Line by line, give the data again exactly as it appears, but without pictures.

----- DATA SECTION

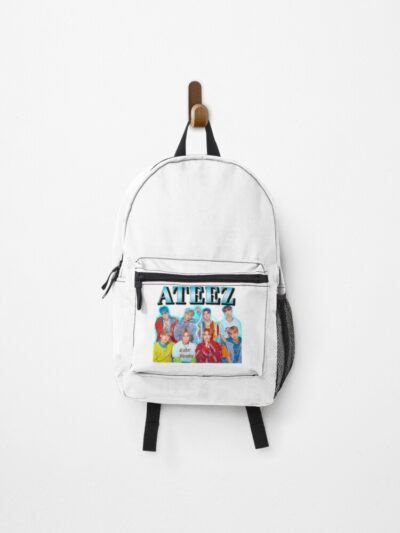 Gifts For Women Ateez Pirate King Vintage Vintage Photograp Backpack Official Ateez Merch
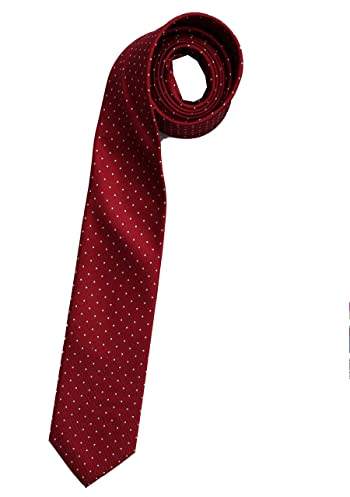OLYMP Herren Krawatte Krawatte,Einfarbig,medium,rot 35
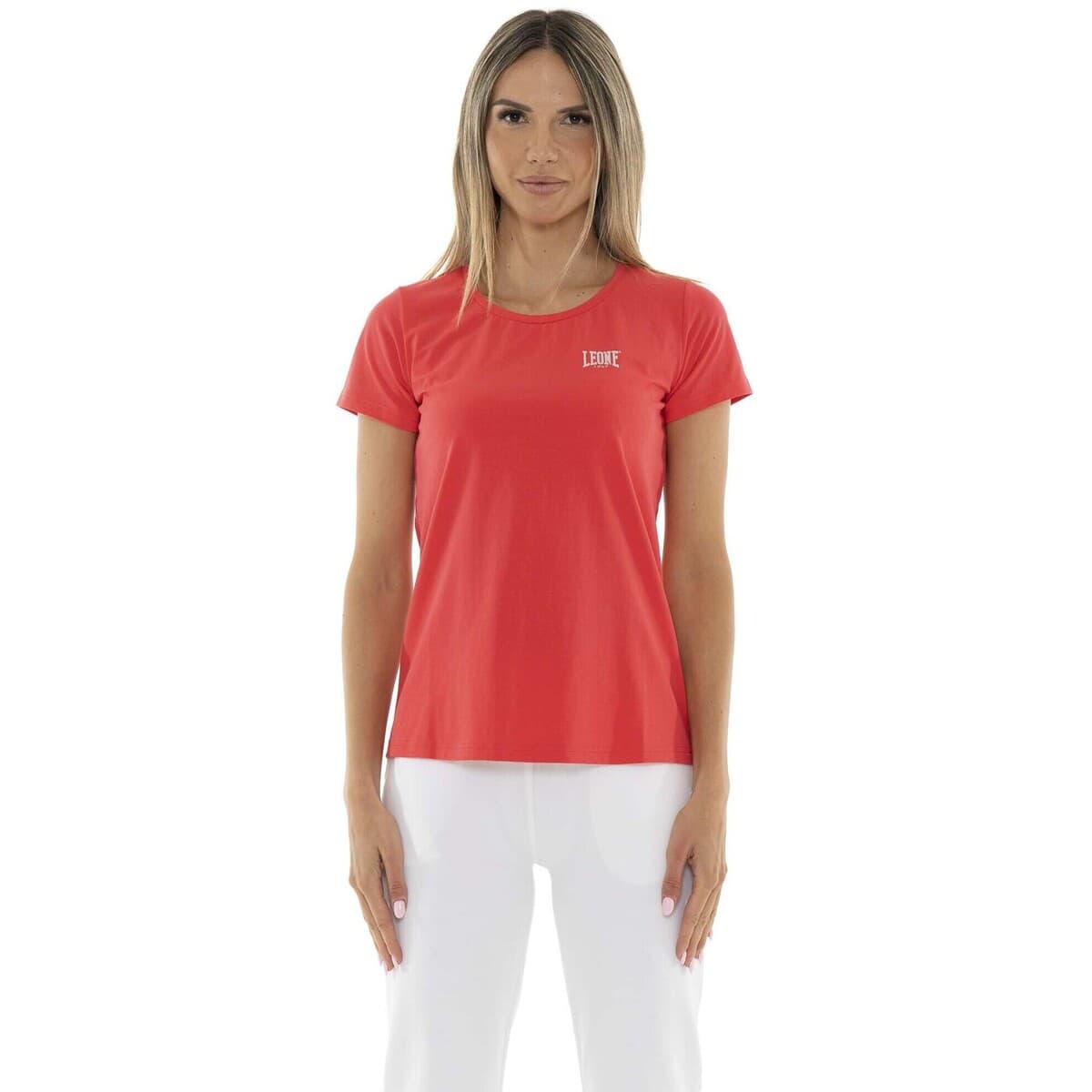 T-shirt με κοντά μανίκια Leone 1947 Woman Short Sleeves New Basic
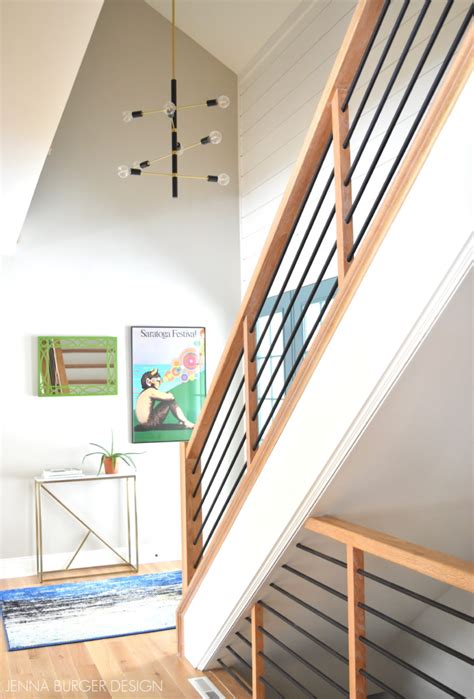 Modern Metal Wood Staircase Jenna Burger Design Llc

----------

**ANSWER SECTION:**
 Gifts For Women Ateez Pirate King Vintage Vintage Photograp Backpack Official Ateez Merch
OLYMP Herren Krawatte Krawatte,Einfarbig,medium,rot 35
 T-shirt με κοντά μανίκια Leone 1947 Woman Short Sleeves New Basic
 Modern Metal Wood Staircase Jenna Burger Design Llc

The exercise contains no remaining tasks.